Context
Neurocysticercosis, triggered by tapeworms, has become a challenge for Assam’s tea workers, who are already working in a poor condition.
- A study published in the Nature journal earlier this year reported higher prevalence (42.2 percent) of neurocysticercosis (NCC) among patients with active epilepsy in the tea gardens of Assam.
What is neurocysticercosis (NCC)?
- Neurocysticercosis (NCC) is a preventable disease, which can result in adult-onset epilepsy.
- It is caused when a human consumes meat from — or is indirectly in contact with — a pig infected with tapeworm.
- The eggs of the tapeworm invade the muscles of the human body to make cysts.
- Sometimes these cysts get into people’s brains, triggering epileptic seizures, headaches, difficulty with balance and excess fluid around the brain.
Spread of the disease
- The life cycle of a pork tapeworm (taenia solium) takes it from pigs to humans and vice-versa.
- Tapeworm eggs are spread through food, water, or surfaces contaminated with faeces.
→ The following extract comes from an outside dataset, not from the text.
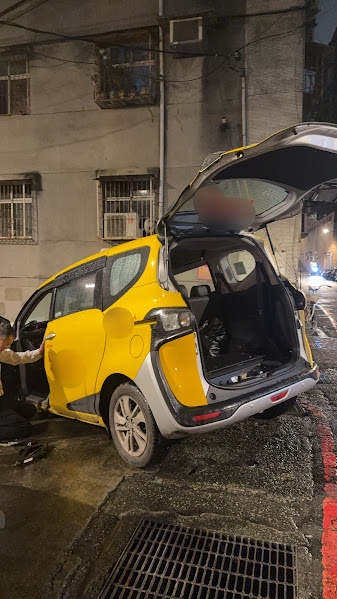 全台沙灘拖吊24H爆胎陷車救援專線0913-177311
Humans swallow the eggs when they eat contaminated food or put contaminated fingers in their mouth.
Assam’s tea workers
- Assam is the world’s largest tea growing region, with over 800 estates producing half of India’s tea.
- An estimated 1 million plantation workers pick tea on these estates for Rs 205 a day.
- A 2019 study by non-profit Oxfam revealed that Assam’s tea workers are one of the state’s most marginalized with unsafe working conditions. They lack basic amenities and earn low incomes, at high risk of human rights violations.
- To supplement their meager income, many plantation workers — both permanent and temporary — rear pigs. It requires little investment and labor.